I was in a small coastal town in Portugal and followed a group of locals carrying accordions toward the docks. I ended up at a neighborhood sardine roast right on the sea wall. There were maybe twenty people with plates of grilled bread and music playing until the stars came out. I did not understand any of the lyrics but they kept giving me food and teaching me the steps to a local dance. You cannot book that kind of experience on TripAdvisor.
I got off the train in this tiny Italian village & was completely lost trying to find my guesthouse. This older man on a worn bicycle saw me struggling with my map and signaled for me to follow him. The five-minute walk turned into a full neighborhood tour. Every few houses he would stop to shout something in Italian & introduce me to his brother at the butcher shop and a cousin hanging laundry & eventually his aunt sitting on a porch. By the time we reached my door I had met half his family and had three people tell me exactly where to get the best cannoli. He would not take a tip. He just seemed genuinely happy to show off his town. It was the first time a place actually felt like home instead of just a spot on a map.
In Costa Rica at a wildlife center the path between the dining room and the guest building winds through the jungle. At night it is completely dark. One night while going to the dining room I saw a pair of bright yellow eyes staring at me from between the trees. I could see nothing else but noticed some movement around the eyes. I thought it was a black jaguar and screamed for help. That was real fear unlike anything I had ever experienced. My scream startled the animal and it disappeared. But a moment later it reappeared by my side breathing heavily and said sorry in Spanish. I screamed again. It turned out to be a local man apologizing for scaring me.

I was on a train from Prague to Paris and realized about an hour in that I had boarded the wrong one. Not the wrong direction but the wrong country. I ended up in Dresden with no German and a return ticket that was not valid. A retired schoolteacher at the station bought me a coffee and drew me a map by hand and waited with me until I got on the right train. I still have that map.
I got chased by a huge seal in Ireland. A bit more to the story is that we visited a beach with friends & it was beautiful with two large hills surrounding the beach. I went to the beach directly while my friends went on top of the hill. I saw a seal in the distance and I was initially happy to see it coming close until it started coming out of the water. At that moment my friends from the hill said they would start running if they were me and not to worry because they would record video as proof that I only defended myself if the seal got too close. There was no harm to the seal or myself. It was fun in a way but in that exact moment when that big animal came out of the sea I got scared.
I am a sixty-four year old man and had my electric toothbrush in a cloth bag in my backpack. When I picked it up to board I must have turned it on.
I finally heard it when putting my bag in the overhead compartment and several people behind me were looking my way. I pulled it out of my pack as fast as I could and said it was my toothbrush. I got a lot of laughs and even a couple of flight attendants were laughing.
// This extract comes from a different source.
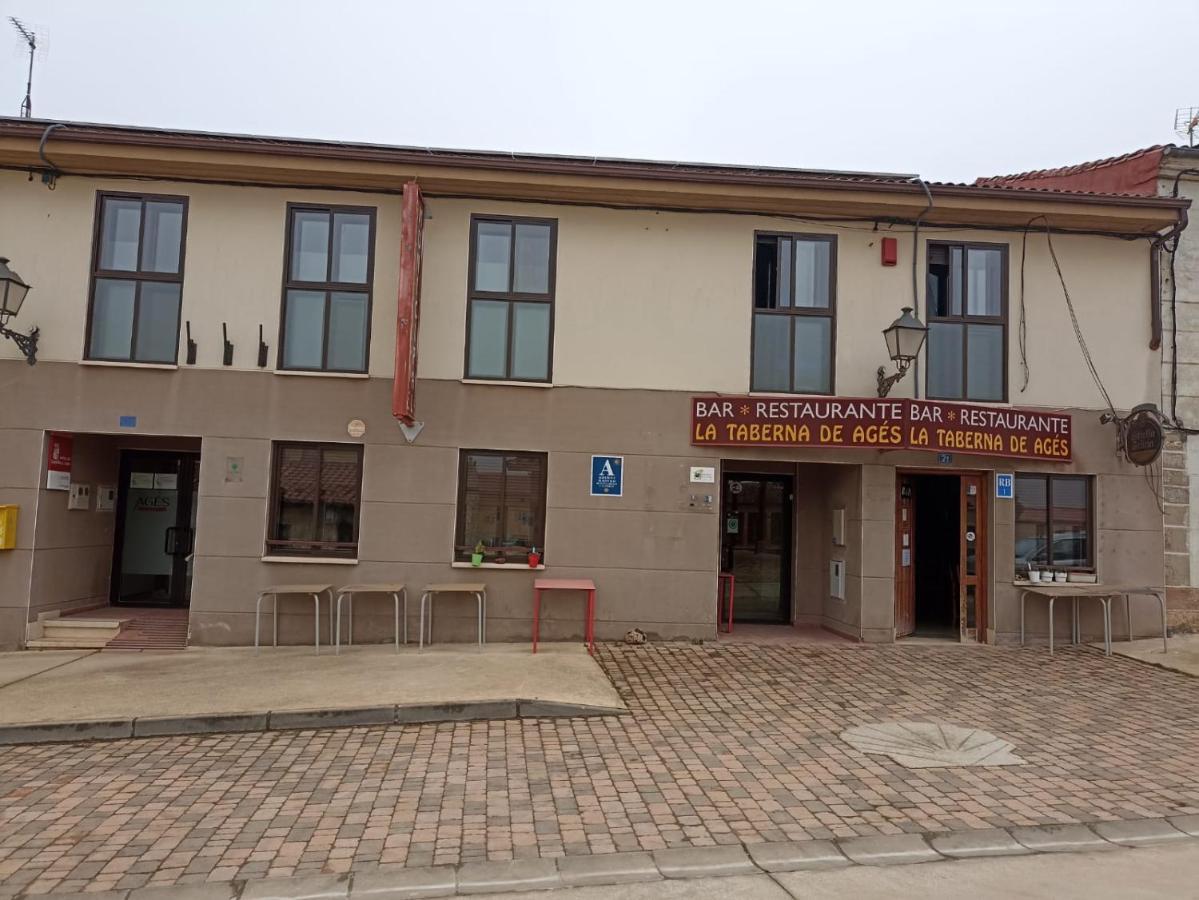 Taberna Albergue Municipal De Ахес Экстерьер фото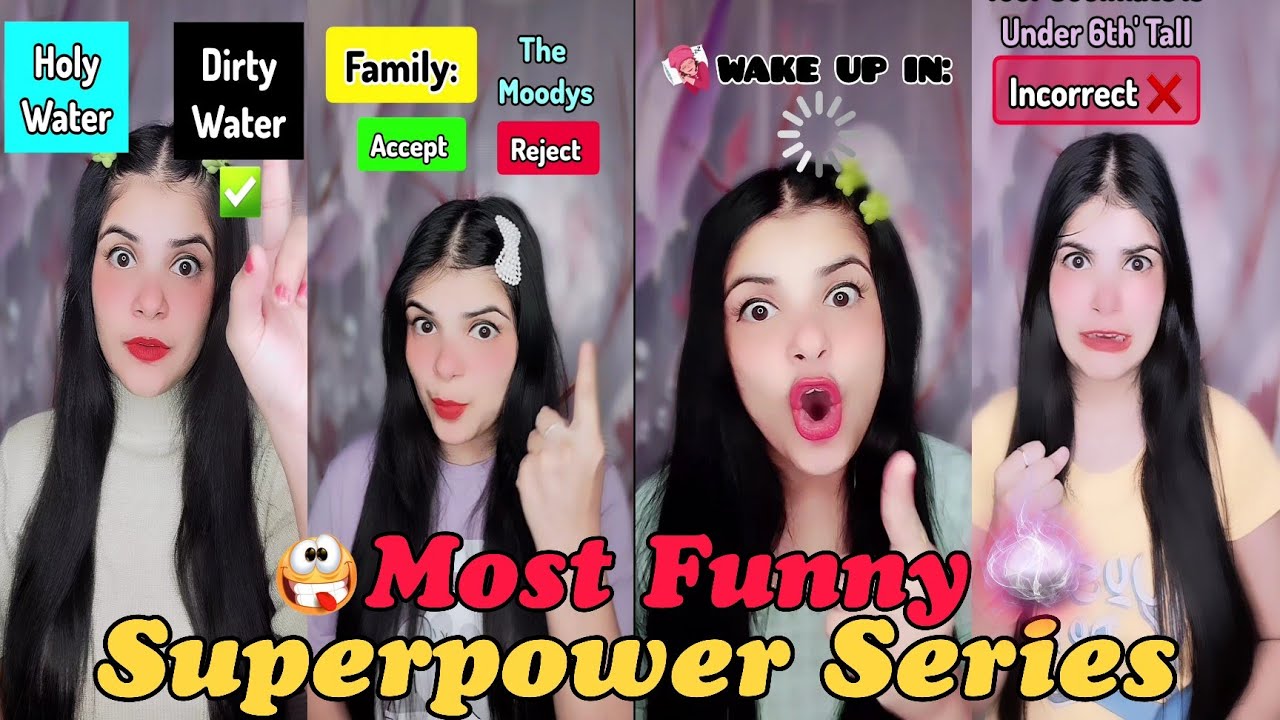 Most *FUNNY🤣* Superpower🔮🥴Mix Series😝+Emotional+other povs😁(Must Watch) @jiyajasmineshorts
On my last night in Munich I needed to buy tampons. The only package in the store had 100 OBs in it. I only used a couple but I refused to leave the rest behind because I hate wasting money. My suitcase was full so I put them into the side pockets of my carry-on bag. At the airport security line a guard grabbed my bag and started to unzip it. I tried to warn him but that seemed to make him angry. He held the bag up in the air and pulled hard on the zipper. Dozens of tiny white bullets went flying through the air. Some of them landed on other people. I will never forget watching security guards on their hands and knees trying to pick them all up.
I was staying at a guesthouse in rural Vietnam when the power went out at 9pm. The owner showed up with a lantern & took me and three other guests to the roof. She brought out a gas burner and an enormous pot. We sat up there for four hours eating whatever she cooked in batches while insects flew into the lantern. The valley below was completely dark. Nobody had planned this & none of us knew each other two hours before. There was a French couple who had been fighting all day but they stopped arguing somewhere around the second pot. There was also a solo guy from New Zealand who barely spoke at dinner but he turned out to be very funny once the lights were out. When the power came back on nobody moved. The owner turned the lights off again from the switch by the stairs and we stayed up there until midnight.

Travel has a way of surprising you right when you think everything is under control. Those unexpected moments are always what you remember. Not the itinerary or the hotel but the moment that made no sense & stayed with you anyway. What is the one thing that happened to you on a trip that you still think about?